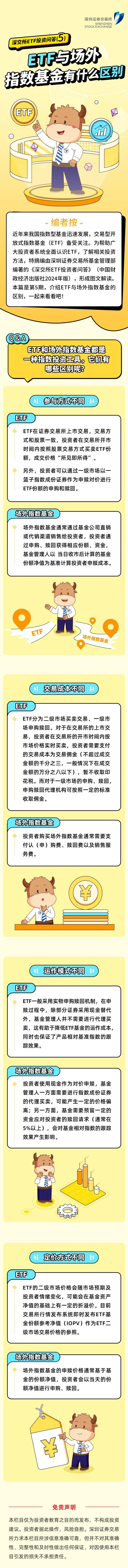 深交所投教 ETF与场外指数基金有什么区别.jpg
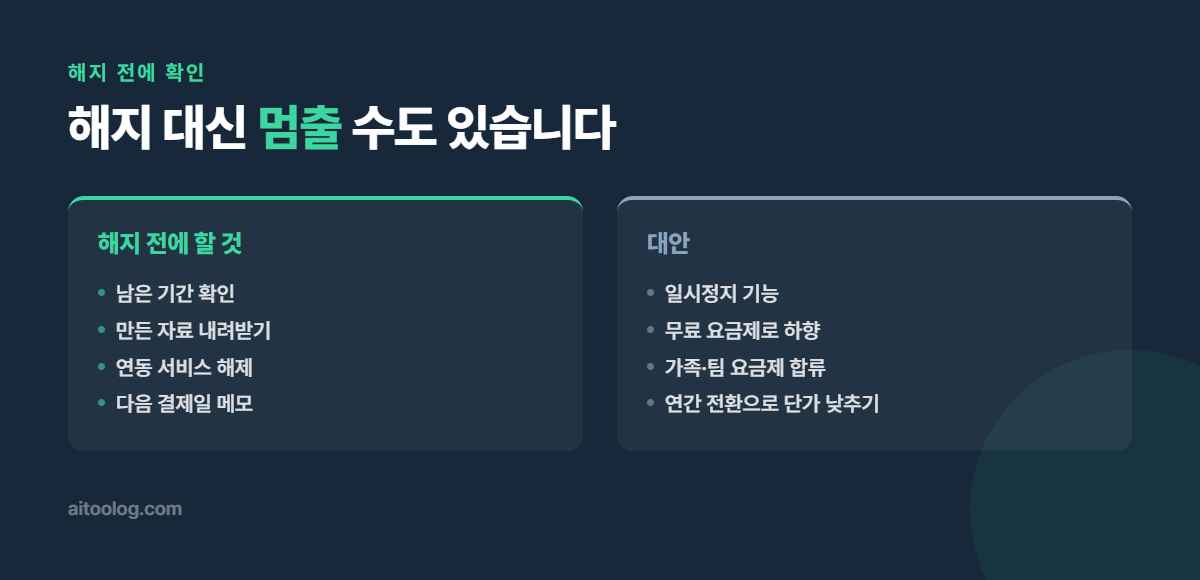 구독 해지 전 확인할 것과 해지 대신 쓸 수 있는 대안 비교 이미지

* * *

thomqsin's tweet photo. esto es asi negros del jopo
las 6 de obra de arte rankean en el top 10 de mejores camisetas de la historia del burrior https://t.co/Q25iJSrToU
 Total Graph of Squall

WHAT TO PRODUCE
Taking the entries above, extract every line from the one bearing "深交所投教 ETF与场外指数基金有什么区别.jpg" through the one bearing "구독 해지 전 확인할 것과 해지 대신 쓸 수 있는 대안 비교 이미지", exactly, with no pictures.

PROBLEM SOLUTION
 深交所投教 ETF与场外指数基金有什么区别.jpg
 구독 해지 전 확인할 것과 해지 대신 쓸 수 있는 대안 비교 이미지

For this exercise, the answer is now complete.